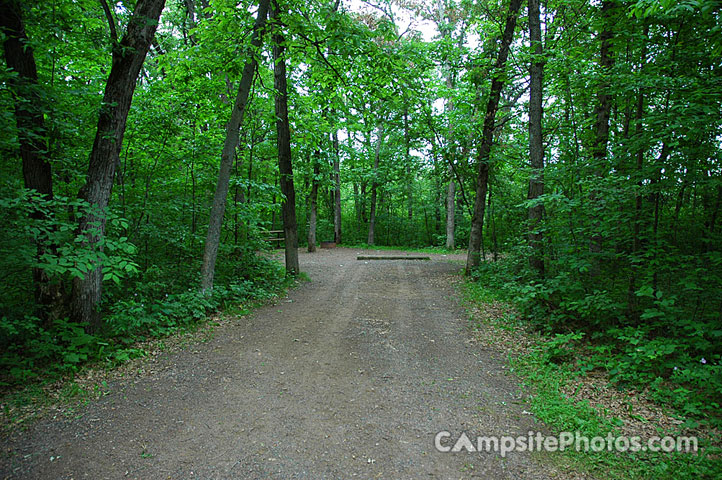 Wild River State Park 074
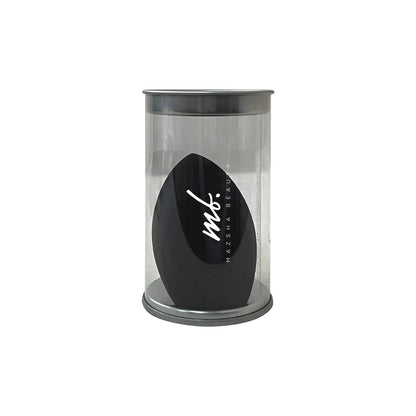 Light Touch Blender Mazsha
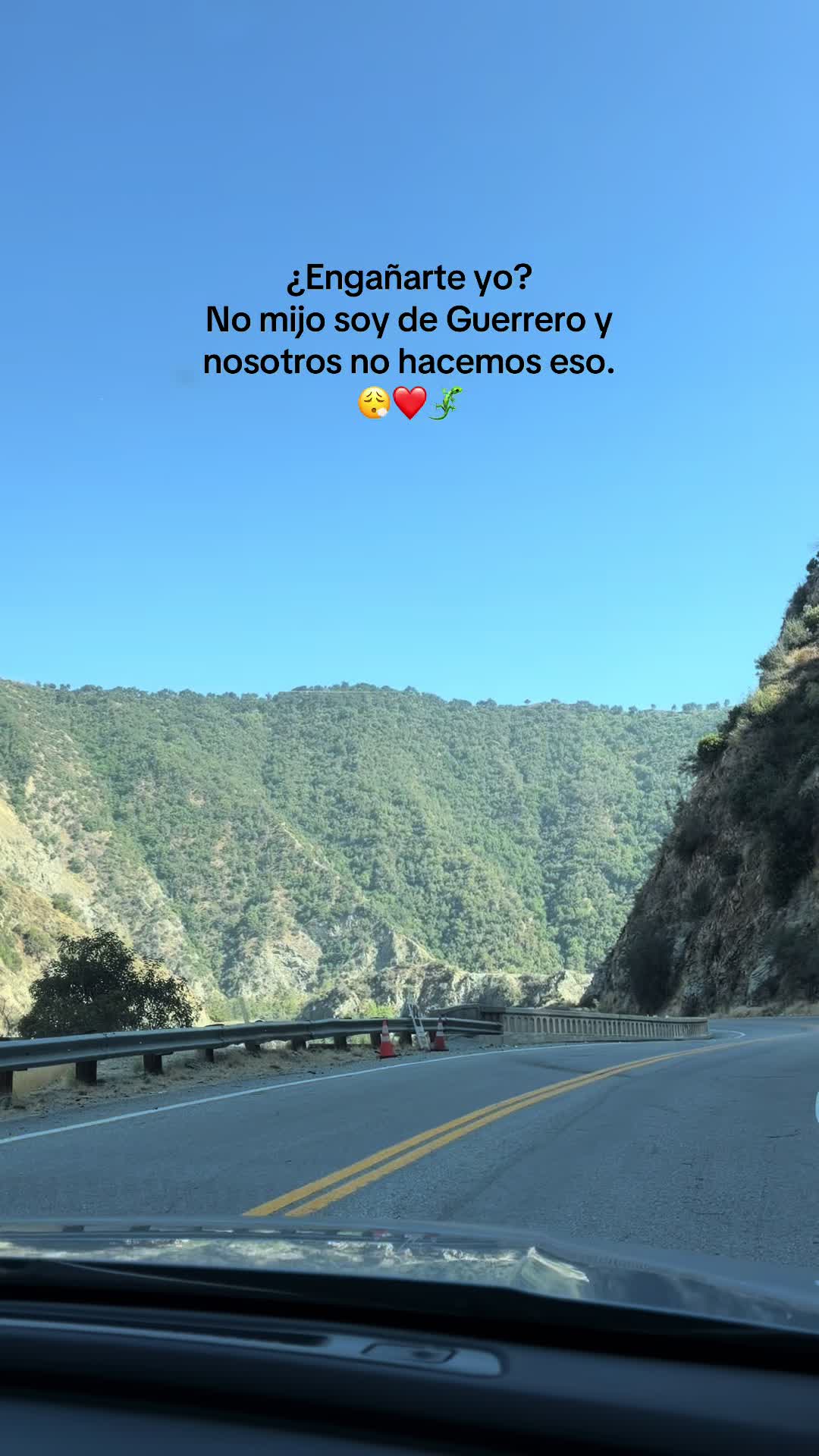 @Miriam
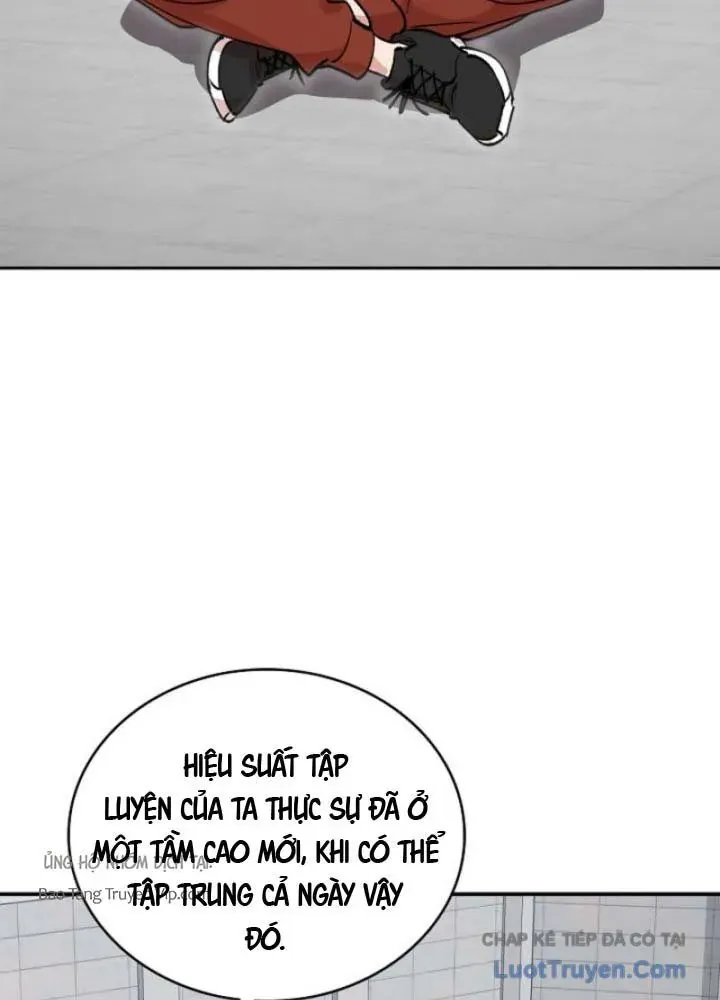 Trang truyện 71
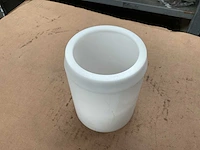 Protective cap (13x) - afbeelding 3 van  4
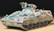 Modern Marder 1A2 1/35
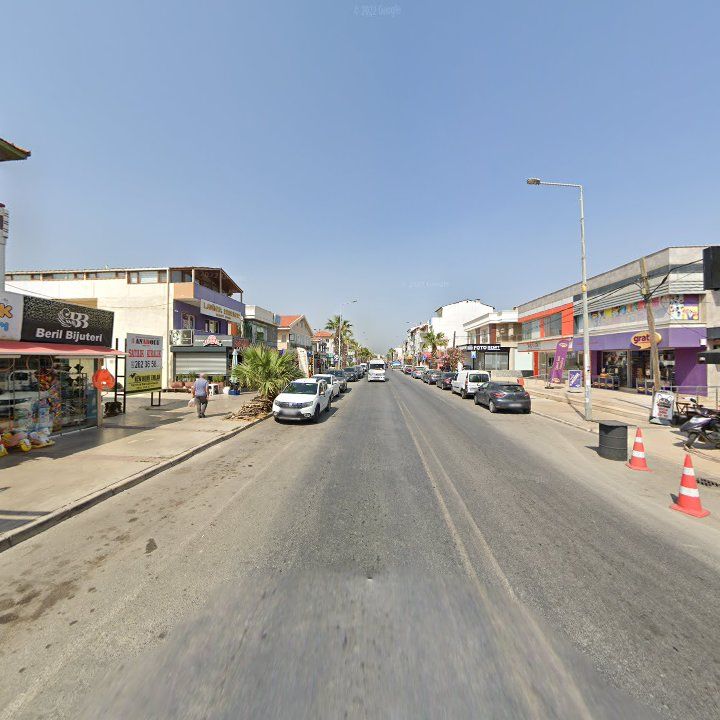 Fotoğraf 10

- - -

| Action item |
No pictures belong in the copy: reproduce exactly the lines above from the one that contains "Protective cap (13x)" through the last line of the entries.

| Your solution |
 Protective cap (13x) - afbeelding 3 van  4
 Modern Marder 1A2 1/35
 Fotoğraf 10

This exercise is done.